==== Data ====

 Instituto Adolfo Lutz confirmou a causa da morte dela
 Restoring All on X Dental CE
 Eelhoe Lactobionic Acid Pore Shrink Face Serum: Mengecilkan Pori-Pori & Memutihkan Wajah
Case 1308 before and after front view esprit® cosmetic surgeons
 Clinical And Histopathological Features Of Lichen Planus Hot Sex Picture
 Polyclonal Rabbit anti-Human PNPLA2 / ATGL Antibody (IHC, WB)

====
==== Data ====

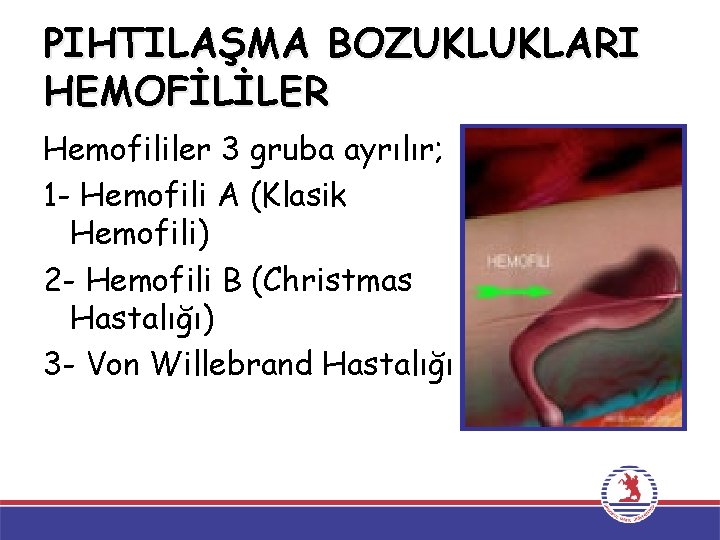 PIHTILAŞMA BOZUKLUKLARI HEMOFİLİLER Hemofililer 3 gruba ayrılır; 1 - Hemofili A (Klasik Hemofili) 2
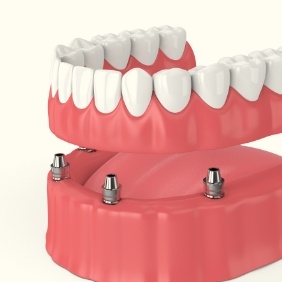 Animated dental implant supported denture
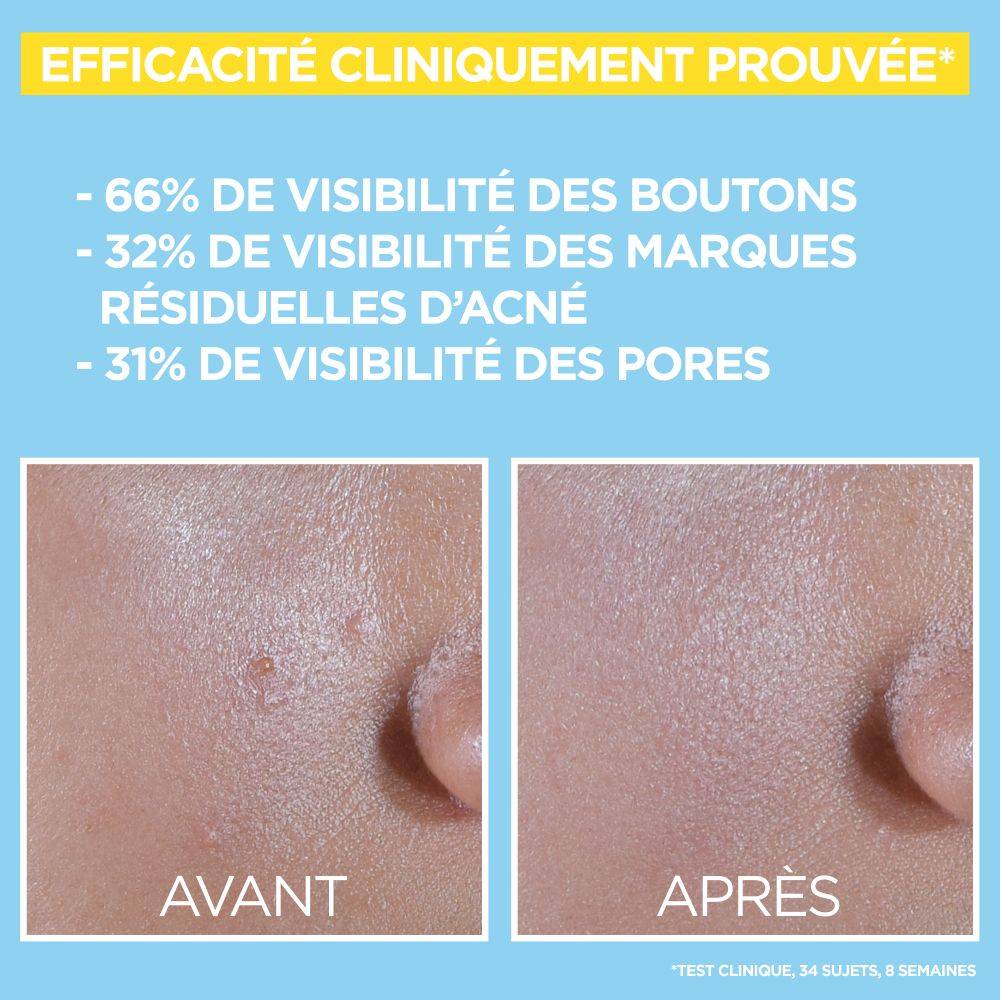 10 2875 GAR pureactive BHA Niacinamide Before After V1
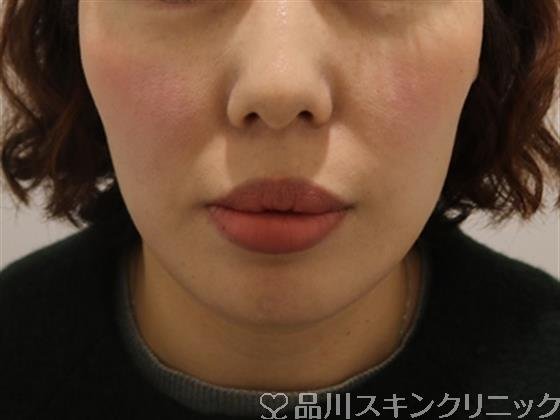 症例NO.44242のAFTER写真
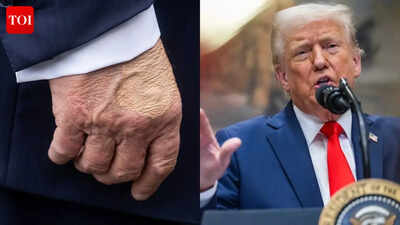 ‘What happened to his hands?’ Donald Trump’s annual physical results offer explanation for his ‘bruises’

====

- [Exercise description] From the material above, retype precisely the lines between the line holding "Case 1308 before" and the line holding "Polyclonal Rabbit anti-Human", inclusive, and nothing beyond them.

- [Response box]
Case 1308 before and after front view esprit® cosmetic surgeons
 Clinical And Histopathological Features Of Lichen Planus Hot Sex Picture
 Polyclonal Rabbit anti-Human PNPLA2 / ATGL Antibody (IHC, WB)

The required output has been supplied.